I don't know how trying to work out real from fake memories would work mechanically. Any ideas on that?

I was thinking along the lines of trigger objects too, but I was thinking more like getting to one in a memory would open up another memory. That doesn't really work, though. I guess a big question we need to answer is what the structure of the game will be - how does the player get access to the different memories and what is their goal in each one? I feel like those should be two separate things to avoid linearity.

"They have woken up one day in their room and they try to take a job but get told they have retired." feels a little loose to me. I feel like an external influence and a more traditional mystery would help. I'm thinking along the lines of a young space-detective comes to visit you one day because they're trying to piece together the identity of a mastermind criminal, and for whatever reason clues to their identity are scattered in your memories. You couldn't access them at the time, but now because you're able to hack around in your memories, taking items from one to the other, you're able to.
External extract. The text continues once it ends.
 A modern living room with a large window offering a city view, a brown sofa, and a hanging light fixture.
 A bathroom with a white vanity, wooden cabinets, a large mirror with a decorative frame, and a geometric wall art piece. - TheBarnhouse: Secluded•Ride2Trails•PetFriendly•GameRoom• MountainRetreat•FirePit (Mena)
Perhaps you've always wondered why this person kept showing up in your life but were never able to examine the clues. Now a new piece of tech has been developed that allows you to do so.

So in that case, your goal would be to find the clue in each memory, and while you're doing that, interacting with stuff will remind you of other memories (perhaps this would need to be limited to stuff the player will definitely do, rather than optional interactions, otherwise they won't know that there are more memories to open up).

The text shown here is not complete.